■ Required action:
Nothing but the entries, copied exactly, should appear in the response.
___ Source material ___
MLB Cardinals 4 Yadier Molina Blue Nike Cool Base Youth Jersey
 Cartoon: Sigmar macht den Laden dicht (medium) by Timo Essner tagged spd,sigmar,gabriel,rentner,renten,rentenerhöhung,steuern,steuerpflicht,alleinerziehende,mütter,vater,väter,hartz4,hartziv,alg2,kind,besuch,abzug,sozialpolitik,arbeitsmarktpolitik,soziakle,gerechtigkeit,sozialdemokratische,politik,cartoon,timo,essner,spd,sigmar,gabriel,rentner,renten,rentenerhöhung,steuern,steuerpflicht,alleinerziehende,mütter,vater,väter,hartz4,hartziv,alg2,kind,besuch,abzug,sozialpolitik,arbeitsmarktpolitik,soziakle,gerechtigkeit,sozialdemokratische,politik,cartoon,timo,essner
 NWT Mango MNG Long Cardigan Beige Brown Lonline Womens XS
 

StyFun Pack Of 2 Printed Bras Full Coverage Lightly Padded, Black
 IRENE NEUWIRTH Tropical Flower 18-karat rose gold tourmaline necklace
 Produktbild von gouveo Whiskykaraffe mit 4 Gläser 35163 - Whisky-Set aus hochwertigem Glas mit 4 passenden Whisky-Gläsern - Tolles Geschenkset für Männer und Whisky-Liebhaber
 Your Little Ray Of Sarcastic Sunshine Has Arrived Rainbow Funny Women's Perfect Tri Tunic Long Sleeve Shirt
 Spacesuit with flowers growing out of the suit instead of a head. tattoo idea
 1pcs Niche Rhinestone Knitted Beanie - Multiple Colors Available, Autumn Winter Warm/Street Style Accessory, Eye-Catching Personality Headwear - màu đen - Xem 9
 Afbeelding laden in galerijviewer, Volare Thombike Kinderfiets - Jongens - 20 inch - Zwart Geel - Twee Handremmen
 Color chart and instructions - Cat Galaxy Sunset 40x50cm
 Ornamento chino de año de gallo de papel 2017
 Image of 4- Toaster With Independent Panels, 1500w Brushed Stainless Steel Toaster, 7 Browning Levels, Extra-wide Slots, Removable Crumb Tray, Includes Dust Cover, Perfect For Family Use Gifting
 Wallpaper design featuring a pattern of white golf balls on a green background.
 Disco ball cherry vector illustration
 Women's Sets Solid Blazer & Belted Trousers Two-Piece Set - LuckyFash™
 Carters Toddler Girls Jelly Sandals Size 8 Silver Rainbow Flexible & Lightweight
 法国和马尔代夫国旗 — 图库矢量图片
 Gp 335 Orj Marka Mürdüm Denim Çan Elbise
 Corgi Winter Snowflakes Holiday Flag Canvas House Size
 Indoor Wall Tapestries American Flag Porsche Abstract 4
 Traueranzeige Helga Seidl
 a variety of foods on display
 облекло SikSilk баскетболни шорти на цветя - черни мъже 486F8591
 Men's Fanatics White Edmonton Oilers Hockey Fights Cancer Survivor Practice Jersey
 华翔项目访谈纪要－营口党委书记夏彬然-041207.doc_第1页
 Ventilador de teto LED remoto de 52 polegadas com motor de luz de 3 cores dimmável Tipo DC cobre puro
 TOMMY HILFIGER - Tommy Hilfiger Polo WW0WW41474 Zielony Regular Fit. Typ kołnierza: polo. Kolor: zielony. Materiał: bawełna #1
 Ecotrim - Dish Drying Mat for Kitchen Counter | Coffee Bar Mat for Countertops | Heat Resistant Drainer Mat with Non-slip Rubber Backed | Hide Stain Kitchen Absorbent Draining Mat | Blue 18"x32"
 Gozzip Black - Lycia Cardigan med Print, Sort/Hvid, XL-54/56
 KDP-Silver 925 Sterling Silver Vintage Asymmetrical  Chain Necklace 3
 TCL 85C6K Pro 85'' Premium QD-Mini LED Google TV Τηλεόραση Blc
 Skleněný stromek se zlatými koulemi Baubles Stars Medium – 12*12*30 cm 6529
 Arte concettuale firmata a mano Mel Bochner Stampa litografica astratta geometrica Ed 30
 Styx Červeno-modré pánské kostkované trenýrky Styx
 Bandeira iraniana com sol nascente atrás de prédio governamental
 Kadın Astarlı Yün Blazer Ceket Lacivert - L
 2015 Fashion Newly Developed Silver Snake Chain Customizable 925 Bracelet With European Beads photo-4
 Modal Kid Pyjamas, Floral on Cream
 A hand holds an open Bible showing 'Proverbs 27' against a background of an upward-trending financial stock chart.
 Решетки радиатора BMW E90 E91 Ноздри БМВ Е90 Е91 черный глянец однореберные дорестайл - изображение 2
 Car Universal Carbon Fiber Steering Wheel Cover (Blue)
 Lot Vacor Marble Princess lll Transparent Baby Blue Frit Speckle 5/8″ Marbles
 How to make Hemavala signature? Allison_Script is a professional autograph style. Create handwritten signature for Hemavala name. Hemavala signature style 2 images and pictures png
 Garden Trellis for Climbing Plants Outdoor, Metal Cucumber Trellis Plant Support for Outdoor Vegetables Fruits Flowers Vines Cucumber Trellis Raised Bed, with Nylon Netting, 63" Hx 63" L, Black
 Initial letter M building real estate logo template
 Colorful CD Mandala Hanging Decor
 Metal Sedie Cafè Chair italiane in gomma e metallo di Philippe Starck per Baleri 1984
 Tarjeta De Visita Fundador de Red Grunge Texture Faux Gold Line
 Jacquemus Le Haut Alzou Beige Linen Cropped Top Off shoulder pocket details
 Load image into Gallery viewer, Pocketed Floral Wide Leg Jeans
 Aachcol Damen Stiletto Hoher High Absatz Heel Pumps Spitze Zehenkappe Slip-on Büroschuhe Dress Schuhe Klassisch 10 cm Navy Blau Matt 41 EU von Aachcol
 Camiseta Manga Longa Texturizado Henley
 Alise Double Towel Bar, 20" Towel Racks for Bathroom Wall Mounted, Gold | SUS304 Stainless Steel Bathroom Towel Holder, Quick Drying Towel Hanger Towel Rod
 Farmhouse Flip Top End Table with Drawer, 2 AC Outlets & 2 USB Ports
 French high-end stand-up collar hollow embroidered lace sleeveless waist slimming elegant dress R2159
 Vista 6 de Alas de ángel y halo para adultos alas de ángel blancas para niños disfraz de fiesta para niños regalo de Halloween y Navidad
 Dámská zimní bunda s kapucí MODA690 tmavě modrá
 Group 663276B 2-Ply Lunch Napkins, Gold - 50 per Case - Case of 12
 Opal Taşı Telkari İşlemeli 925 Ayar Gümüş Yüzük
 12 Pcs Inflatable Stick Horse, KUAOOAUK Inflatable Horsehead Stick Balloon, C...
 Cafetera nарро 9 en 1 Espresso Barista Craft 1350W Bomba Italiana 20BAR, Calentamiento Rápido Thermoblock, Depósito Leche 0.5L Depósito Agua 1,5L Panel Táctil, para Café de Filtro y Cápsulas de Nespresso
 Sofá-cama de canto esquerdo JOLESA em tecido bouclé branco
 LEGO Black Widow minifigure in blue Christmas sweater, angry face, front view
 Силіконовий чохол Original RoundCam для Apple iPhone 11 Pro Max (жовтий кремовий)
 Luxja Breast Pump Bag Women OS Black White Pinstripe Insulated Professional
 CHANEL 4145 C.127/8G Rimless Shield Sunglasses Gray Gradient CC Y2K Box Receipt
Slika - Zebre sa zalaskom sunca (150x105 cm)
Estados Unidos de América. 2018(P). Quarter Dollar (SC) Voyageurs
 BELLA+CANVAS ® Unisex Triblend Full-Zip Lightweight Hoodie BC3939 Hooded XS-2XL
___
■ Written solution:
MLB Cardinals 4 Yadier Molina Blue Nike Cool Base Youth Jersey
 Cartoon: Sigmar macht den Laden dicht (medium) by Timo Essner tagged spd,sigmar,gabriel,rentner,renten,rentenerhöhung,steuern,steuerpflicht,alleinerziehende,mütter,vater,väter,hartz4,hartziv,alg2,kind,besuch,abzug,sozialpolitik,arbeitsmarktpolitik,soziakle,gerechtigkeit,sozialdemokratische,politik,cartoon,timo,essner,spd,sigmar,gabriel,rentner,renten,rentenerhöhung,steuern,steuerpflicht,alleinerziehende,mütter,vater,väter,hartz4,hartziv,alg2,kind,besuch,abzug,sozialpolitik,arbeitsmarktpolitik,soziakle,gerechtigkeit,sozialdemokratische,politik,cartoon,timo,essner
 NWT Mango MNG Long Cardigan Beige Brown Lonline Womens XS
 

StyFun Pack Of 2 Printed Bras Full Coverage Lightly Padded, Black
 IRENE NEUWIRTH Tropical Flower 18-karat rose gold tourmaline necklace
 Produktbild von gouveo Whiskykaraffe mit 4 Gläser 35163 - Whisky-Set aus hochwertigem Glas mit 4 passenden Whisky-Gläsern - Tolles Geschenkset für Männer und Whisky-Liebhaber
 Your Little Ray Of Sarcastic Sunshine Has Arrived Rainbow Funny Women's Perfect Tri Tunic Long Sleeve Shirt
 Spacesuit with flowers growing out of the suit instead of a head. tattoo idea
 1pcs Niche Rhinestone Knitted Beanie - Multiple Colors Available, Autumn Winter Warm/Street Style Accessory, Eye-Catching Personality Headwear - màu đen - Xem 9
 Afbeelding laden in galerijviewer, Volare Thombike Kinderfiets - Jongens - 20 inch - Zwart Geel - Twee Handremmen
 Color chart and instructions - Cat Galaxy Sunset 40x50cm
 Ornamento chino de año de gallo de papel 2017
 Image of 4- Toaster With Independent Panels, 1500w Brushed Stainless Steel Toaster, 7 Browning Levels, Extra-wide Slots, Removable Crumb Tray, Includes Dust Cover, Perfect For Family Use Gifting
 Wallpaper design featuring a pattern of white golf balls on a green background.
 Disco ball cherry vector illustration
 Women's Sets Solid Blazer & Belted Trousers Two-Piece Set - LuckyFash™
 Carters Toddler Girls Jelly Sandals Size 8 Silver Rainbow Flexible & Lightweight
 法国和马尔代夫国旗 — 图库矢量图片
 Gp 335 Orj Marka Mürdüm Denim Çan Elbise
 Corgi Winter Snowflakes Holiday Flag Canvas House Size
 Indoor Wall Tapestries American Flag Porsche Abstract 4
 Traueranzeige Helga Seidl
 a variety of foods on display
 облекло SikSilk баскетболни шорти на цветя - черни мъже 486F8591
 Men's Fanatics White Edmonton Oilers Hockey Fights Cancer Survivor Practice Jersey
 华翔项目访谈纪要－营口党委书记夏彬然-041207.doc_第1页
 Ventilador de teto LED remoto de 52 polegadas com motor de luz de 3 cores dimmável Tipo DC cobre puro
 TOMMY HILFIGER - Tommy Hilfiger Polo WW0WW41474 Zielony Regular Fit. Typ kołnierza: polo. Kolor: zielony. Materiał: bawełna #1
 Ecotrim - Dish Drying Mat for Kitchen Counter | Coffee Bar Mat for Countertops | Heat Resistant Drainer Mat with Non-slip Rubber Backed | Hide Stain Kitchen Absorbent Draining Mat | Blue 18"x32"
 Gozzip Black - Lycia Cardigan med Print, Sort/Hvid, XL-54/56
 KDP-Silver 925 Sterling Silver Vintage Asymmetrical  Chain Necklace 3
 TCL 85C6K Pro 85'' Premium QD-Mini LED Google TV Τηλεόραση Blc
 Skleněný stromek se zlatými koulemi Baubles Stars Medium – 12*12*30 cm 6529
 Arte concettuale firmata a mano Mel Bochner Stampa litografica astratta geometrica Ed 30
 Styx Červeno-modré pánské kostkované trenýrky Styx
 Bandeira iraniana com sol nascente atrás de prédio governamental
 Kadın Astarlı Yün Blazer Ceket Lacivert - L
 2015 Fashion Newly Developed Silver Snake Chain Customizable 925 Bracelet With European Beads photo-4
 Modal Kid Pyjamas, Floral on Cream
 A hand holds an open Bible showing 'Proverbs 27' against a background of an upward-trending financial stock chart.
 Решетки радиатора BMW E90 E91 Ноздри БМВ Е90 Е91 черный глянец однореберные дорестайл - изображение 2
 Car Universal Carbon Fiber Steering Wheel Cover (Blue)
 Lot Vacor Marble Princess lll Transparent Baby Blue Frit Speckle 5/8″ Marbles
 How to make Hemavala signature? Allison_Script is a professional autograph style. Create handwritten signature for Hemavala name. Hemavala signature style 2 images and pictures png
 Garden Trellis for Climbing Plants Outdoor, Metal Cucumber Trellis Plant Support for Outdoor Vegetables Fruits Flowers Vines Cucumber Trellis Raised Bed, with Nylon Netting, 63" Hx 63" L, Black
 Initial letter M building real estate logo template
 Colorful CD Mandala Hanging Decor
 Metal Sedie Cafè Chair italiane in gomma e metallo di Philippe Starck per Baleri 1984
 Tarjeta De Visita Fundador de Red Grunge Texture Faux Gold Line
 Jacquemus Le Haut Alzou Beige Linen Cropped Top Off shoulder pocket details
 Load image into Gallery viewer, Pocketed Floral Wide Leg Jeans
 Aachcol Damen Stiletto Hoher High Absatz Heel Pumps Spitze Zehenkappe Slip-on Büroschuhe Dress Schuhe Klassisch 10 cm Navy Blau Matt 41 EU von Aachcol
 Camiseta Manga Longa Texturizado Henley
 Alise Double Towel Bar, 20" Towel Racks for Bathroom Wall Mounted, Gold | SUS304 Stainless Steel Bathroom Towel Holder, Quick Drying Towel Hanger Towel Rod
 Farmhouse Flip Top End Table with Drawer, 2 AC Outlets & 2 USB Ports
 French high-end stand-up collar hollow embroidered lace sleeveless waist slimming elegant dress R2159
 Vista 6 de Alas de ángel y halo para adultos alas de ángel blancas para niños disfraz de fiesta para niños regalo de Halloween y Navidad
 Dámská zimní bunda s kapucí MODA690 tmavě modrá
 Group 663276B 2-Ply Lunch Napkins, Gold - 50 per Case - Case of 12
 Opal Taşı Telkari İşlemeli 925 Ayar Gümüş Yüzük
 12 Pcs Inflatable Stick Horse, KUAOOAUK Inflatable Horsehead Stick Balloon, C...
 Cafetera nарро 9 en 1 Espresso Barista Craft 1350W Bomba Italiana 20BAR, Calentamiento Rápido Thermoblock, Depósito Leche 0.5L Depósito Agua 1,5L Panel Táctil, para Café de Filtro y Cápsulas de Nespresso
 Sofá-cama de canto esquerdo JOLESA em tecido bouclé branco
 LEGO Black Widow minifigure in blue Christmas sweater, angry face, front view
 Силіконовий чохол Original RoundCam для Apple iPhone 11 Pro Max (жовтий кремовий)
 Luxja Breast Pump Bag Women OS Black White Pinstripe Insulated Professional
 CHANEL 4145 C.127/8G Rimless Shield Sunglasses Gray Gradient CC Y2K Box Receipt
Slika - Zebre sa zalaskom sunca (150x105 cm)
Estados Unidos de América. 2018(P). Quarter Dollar (SC) Voyageurs
 BELLA+CANVAS ® Unisex Triblend Full-Zip Lightweight Hoodie BC3939 Hooded XS-2XL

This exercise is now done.